Photo Archivist Jobs

Photo archivists are responsible for the preservation, organization and archiving of photographs. They also prepare and arrange for their collections for the public to consume. Archivists work just about anywhere there is a large inventory photographs that need archiving and preservation.

This includes museums, research institutions, universities, libraries, history centers, public and private collections, and auction houses. They often collaborate with photo curators, museum directors and art buyers to procure and preserve photographs.

Artists, curators and museum directors also look to curators for insight and information on the best photographs to reference for publication and/or presentation. At smaller institutions, they may work as general archivists, responsible for all artistic media. However, the field of photo archiving has been growing for quite some time now, and many of these institutions employ general archivists and photo archivists.

What the Job Entails

Whether employed at a museum, a library or an auction house, etc, the job responsibilities are similar. Typical work activities include the following: protect materials, maintain archives and help people access archival material. At large institutions, you may be responsible for tens or hundreds of thousands of archival photographs/materials. At museums, the archivist usually reports to the curator. Interestingly, these two jobs are actually two sides of the same coin. Where the curator works to procure, display photographs, the archivist works to maintain and archive these sometimes-massive collections.

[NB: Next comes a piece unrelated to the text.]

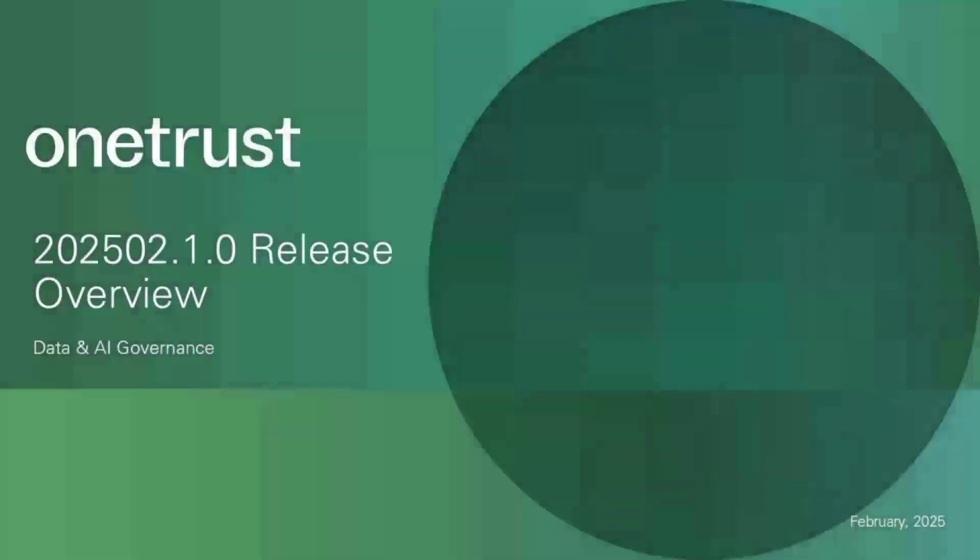Hello and welcome to the OneTrust release overview video for the 2025 O2.1.0 release, also known as the 2025 winter seasonal release, which started rolling out on February 17, 2025. In this video, I will cover the major features that were released as public preview or general availability in the data and AI governance solution.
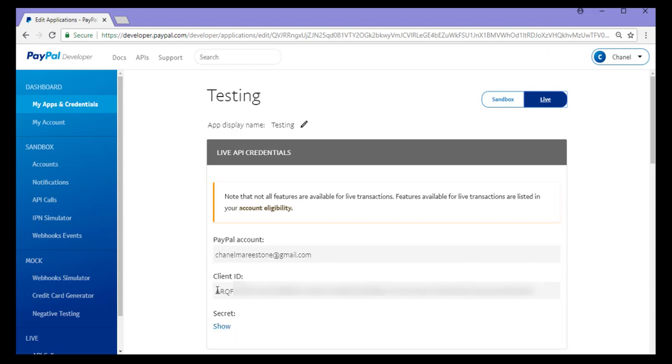I can go ahead and copy both of these and paste them into the required fields. For example, your plugin settings menu may require them. Both are right here, sandbox and live.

The photo archivist also helps to establish policies and priorities for the photo archives. At some point, you will work with the public. This means arranging and describing collections for exhibition, communicating with potential donors regarding acquisitions and, sometimes, publishing research findings. Depending on the size of the institution that employs you, you may also collaborate with a curator in managing and supervising assistants, staff, faculty and interns. Since there are also archival internships available at museums and libraries, you will be in charge of creating and maintaining the internship program.

Libraries, museums, etc. also maintain online galleries of archived collections. Documenting these images can present their own unique challenges, but this will often be part of your job as well.

Knowledge and Skills Required

  • Passion for Research: This job is heavily influenced by one’s ability to conduct research. To that end, it is necessary to have a passion for research.
  • Current Archival Methods and Trends: As an archivist, you will come across a large variety of photographs, some of which require different preservation methods. Not only will you deal with decades-old print photographs, you might also be responsible for maintaining and preserving daguerreotypes, ambrotypes, stereoscopic images. You will need to know the current methods of archiving and preserving these images.

Getting Started

The path to becoming a photography archivist is long, but it is eventually rewarding for those with patience.

Like photography curators, photography archivists are expected to be experts in the history, practice and preservation of photographic art works. This usually implies a terminal degree in art, history, photography or archival/library sciences. Those who the Society of American Archivists accredits study archival /library sciences graduates. Keep in mind though, that field experience matters in this field as much as accreditation, so it is possible to work your up through the ranks. See our museum archivist job profile page too.


According to U.S. Bureau of Labor Statistics, median annual salary of archivists in May 2008 was $45,020. Those who work for the federal government earn much more. As of 2009, the median annual salary for federal archivists was $83,758.